[Data supplied]
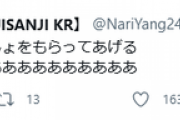【にじさんじ】こりゃああああああああああああ！？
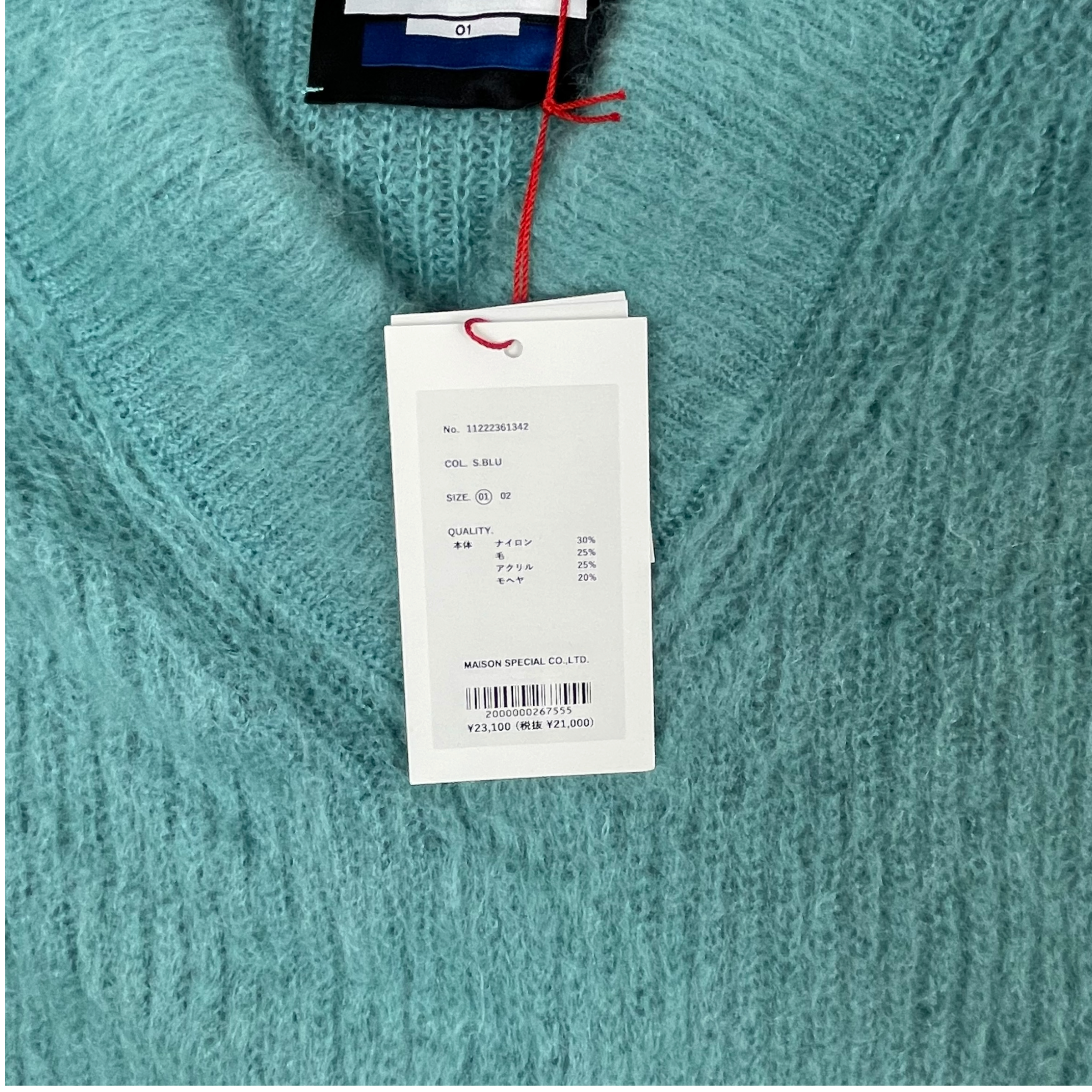Maison Special Colour Block Knit Jumper Blue/Orange (Size 1) thumbnail 11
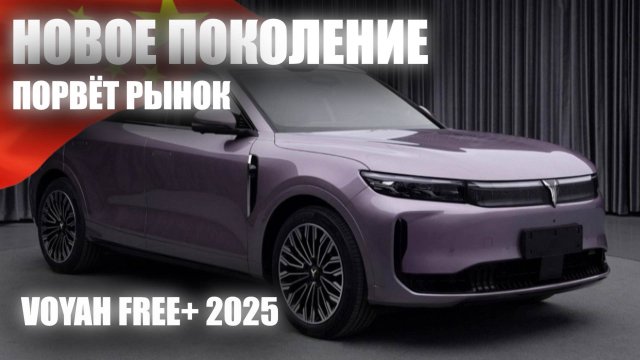 Обзор Voyah Free+. Скоро в продаже новое поколение.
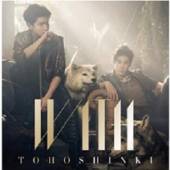  WITH -VERSION A- -CD+DVD- - supershop.sk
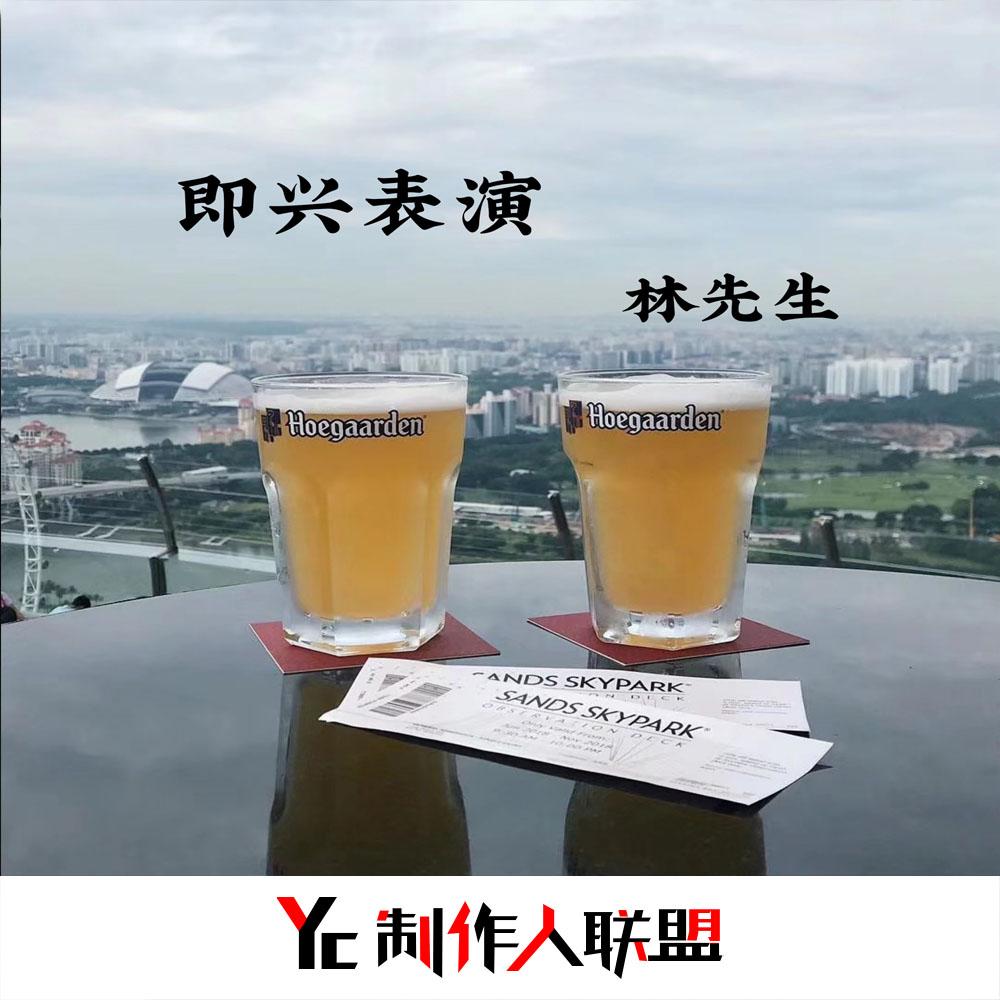 即兴表演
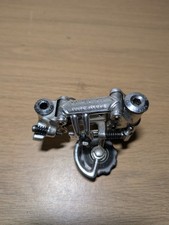 Vintage 1982 Campagnolo Nuovo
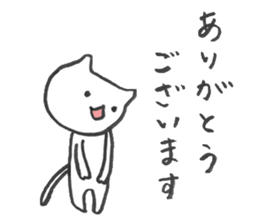 Loose cat hair salon sticker #5113900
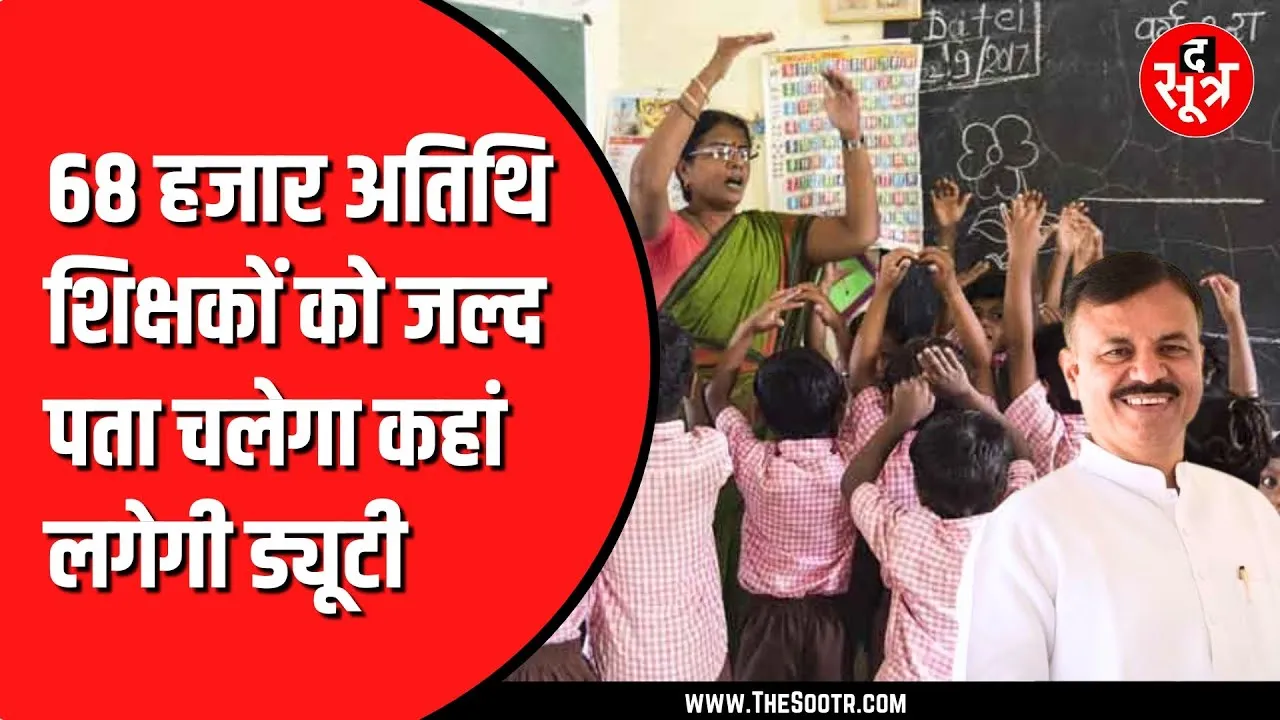 MP News | अतिथि शिक्षकों को स्कूल शिक्षा मंत्री ने दी बड़ी खुशखबरी, देखें Video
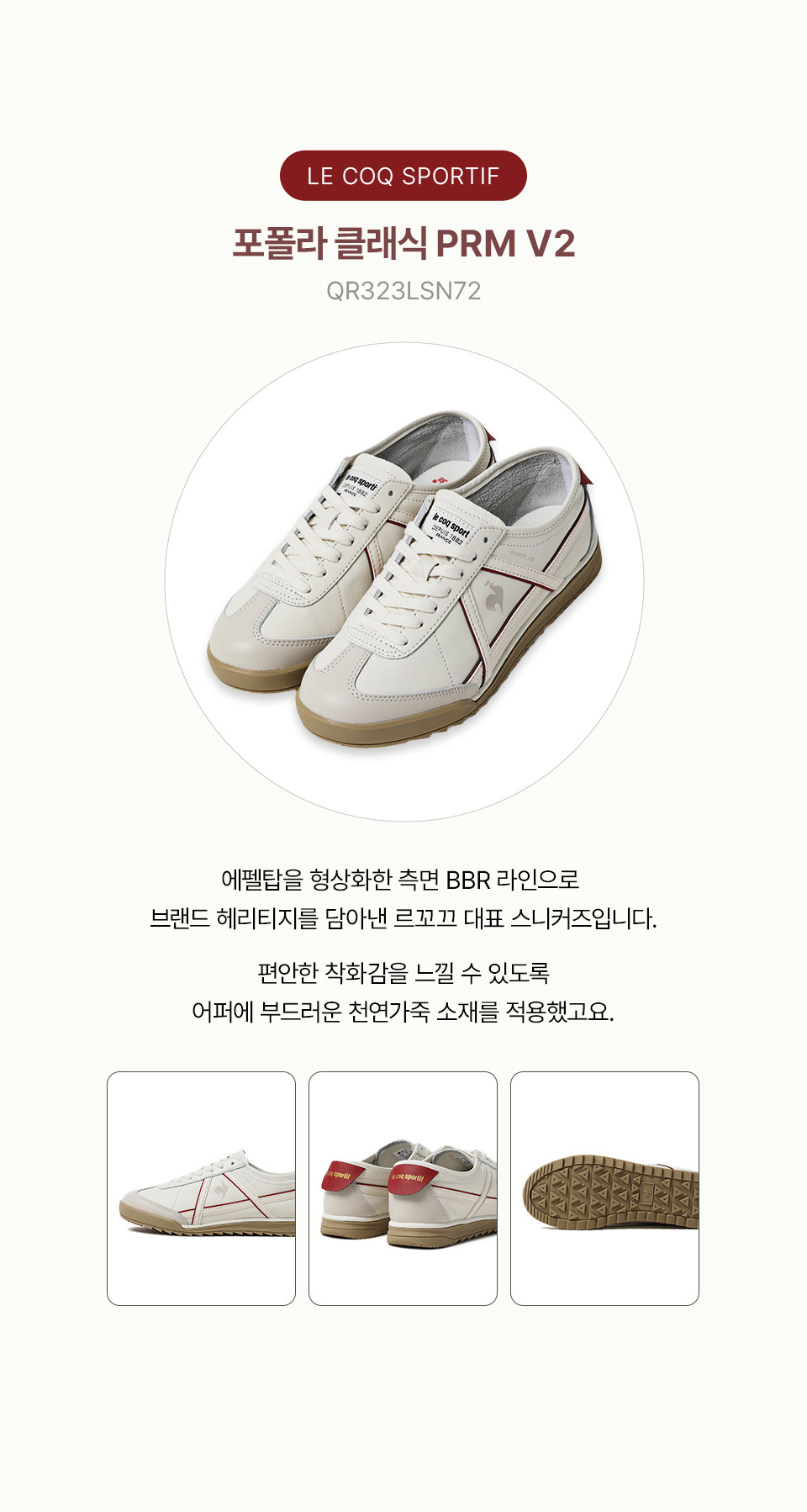 스와이프 이미지 1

[What you will do]
Please print exactly the lines from the one holding "Loose cat hair salon sticker #5113900" through the final line of the data above, including both, and skip all pictures.

[Exercise result]
 Loose cat hair salon sticker #5113900
 MP News | अतिथि शिक्षकों को स्कूल शिक्षा मंत्री ने दी बड़ी खुशखबरी, देखें Video
 스와이프 이미지 1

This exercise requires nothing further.